What you need to do: Restate word for word the lines below, from the one containing "Mini appartamento con" through the final line, with no pictures included.

--------------------------------------------------

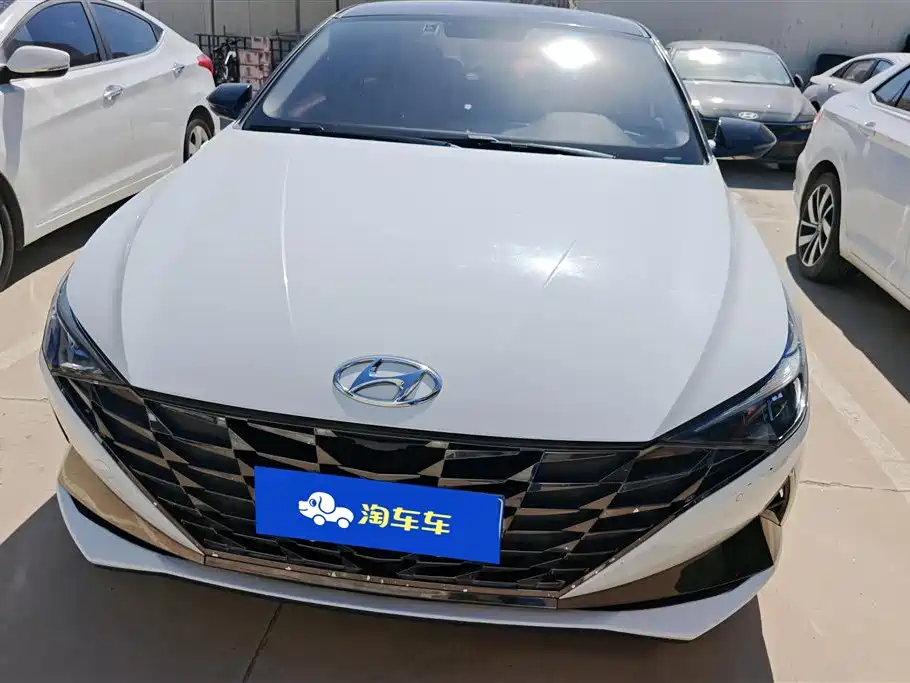 Hyundai Elantra 2022 1.5L CVT GLX Elite Edition фото 2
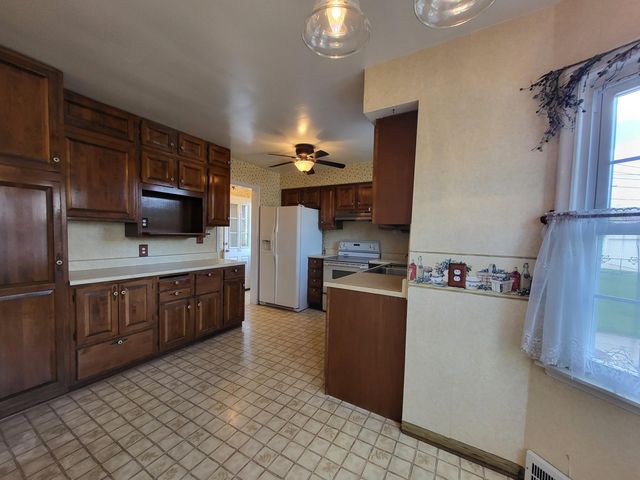 8969 Ruth Avenue, Allen Park City, MI 48101
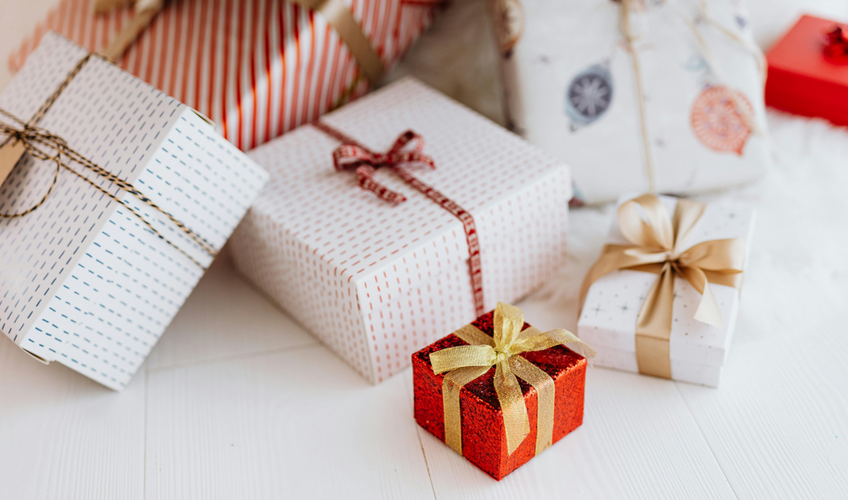 Best Gifts for New Parents: Holiday Gift Guide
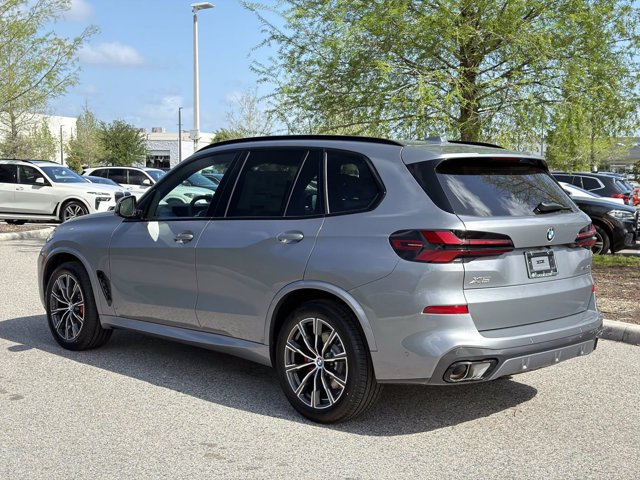 New 2026 BMW X5 sDrive40i w/ M Sport Package RWD image 5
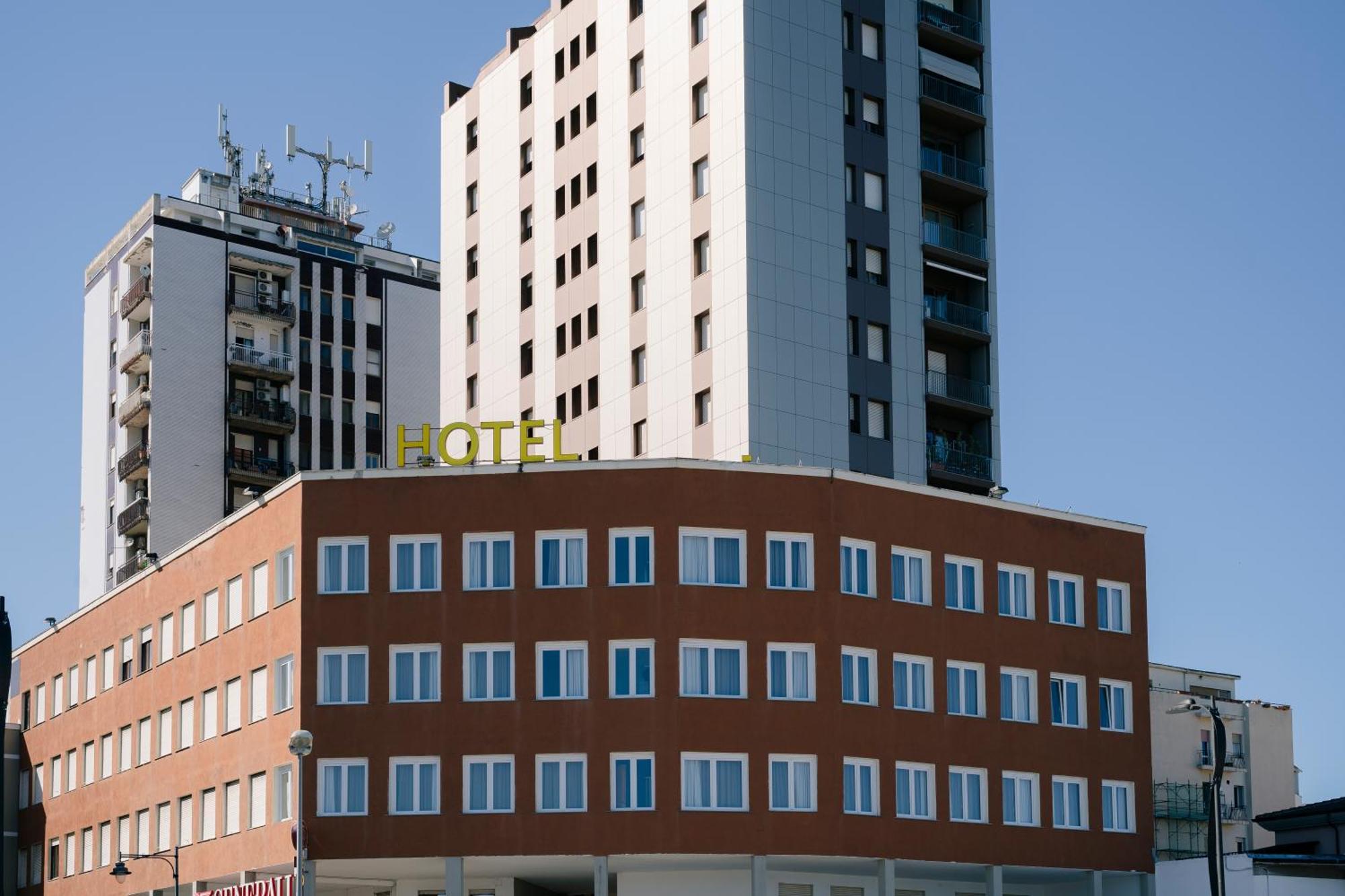 Hotel De Plam Όλμπια Εξωτερικό φωτογραφία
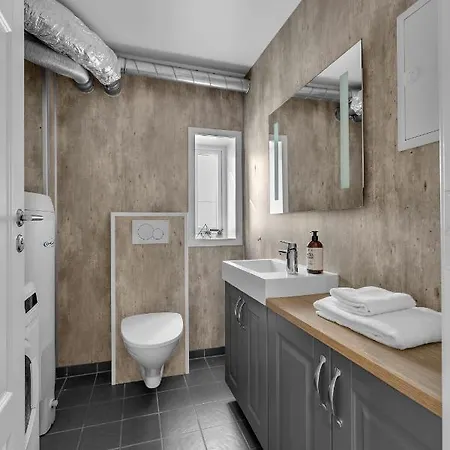 Arctic Homes - Premium Plaza Appartement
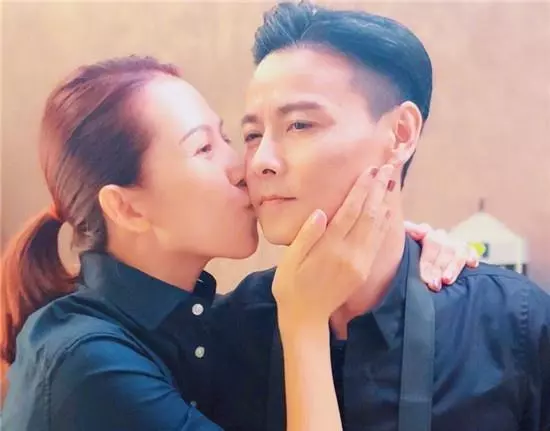 張晉曬21年前對比照,蔡少芬評論令人捧腹大笑:娘娘請自重!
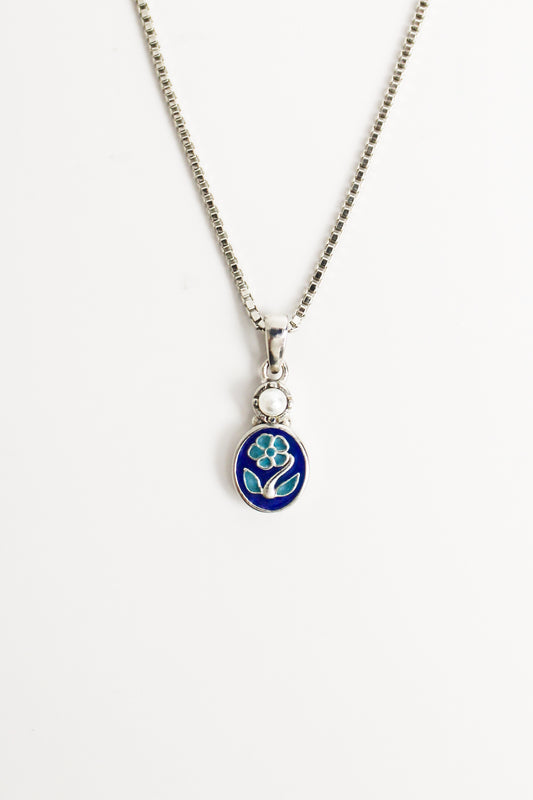 Mourning Bloom Necklace - Silver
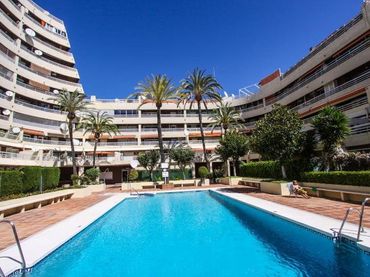 Mini appartamento con piscina in vendita a ALONSO BAZAN 17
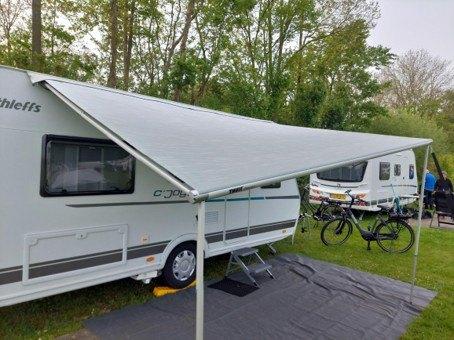 Thule Omnistor zakluifel met zijwand 3,75 x 2,5m., Ophalen, Zo goed als nieuw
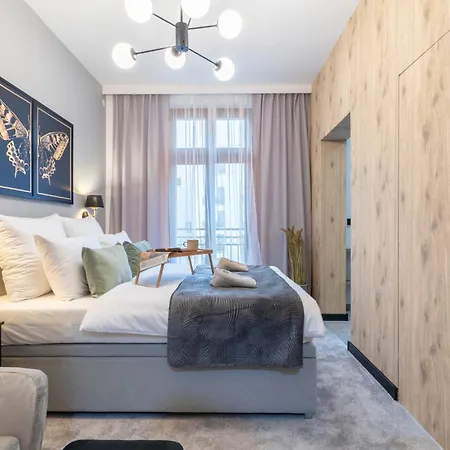 Rest In The Center Spot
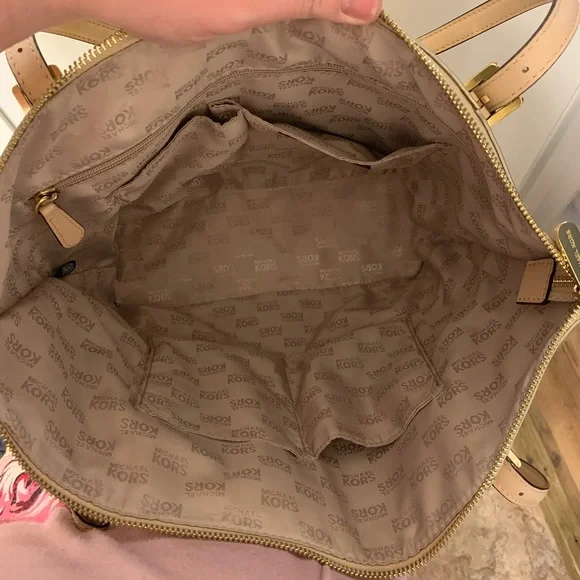 Michael Kors shiny gold tote purse and wristlet - Picture 4 of 5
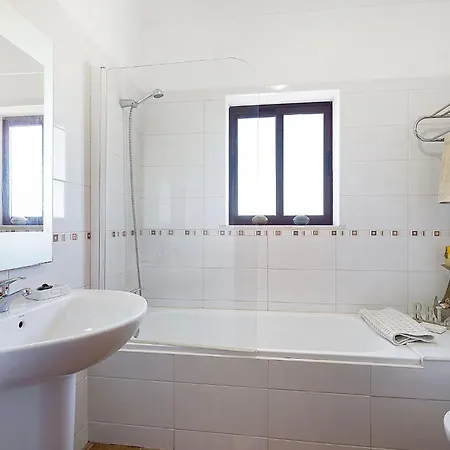 2 Bedroom With Pool View - Dourada Apartment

--------------------------------------------------

Answer to this exercise:
 Mini appartamento con piscina in vendita a ALONSO BAZAN 17
 Thule Omnistor zakluifel met zijwand 3,75 x 2,5m., Ophalen, Zo goed als nieuw
 Rest In The Center Spot
 Michael Kors shiny gold tote purse and wristlet - Picture 4 of 5
 2 Bedroom With Pool View - Dourada Apartment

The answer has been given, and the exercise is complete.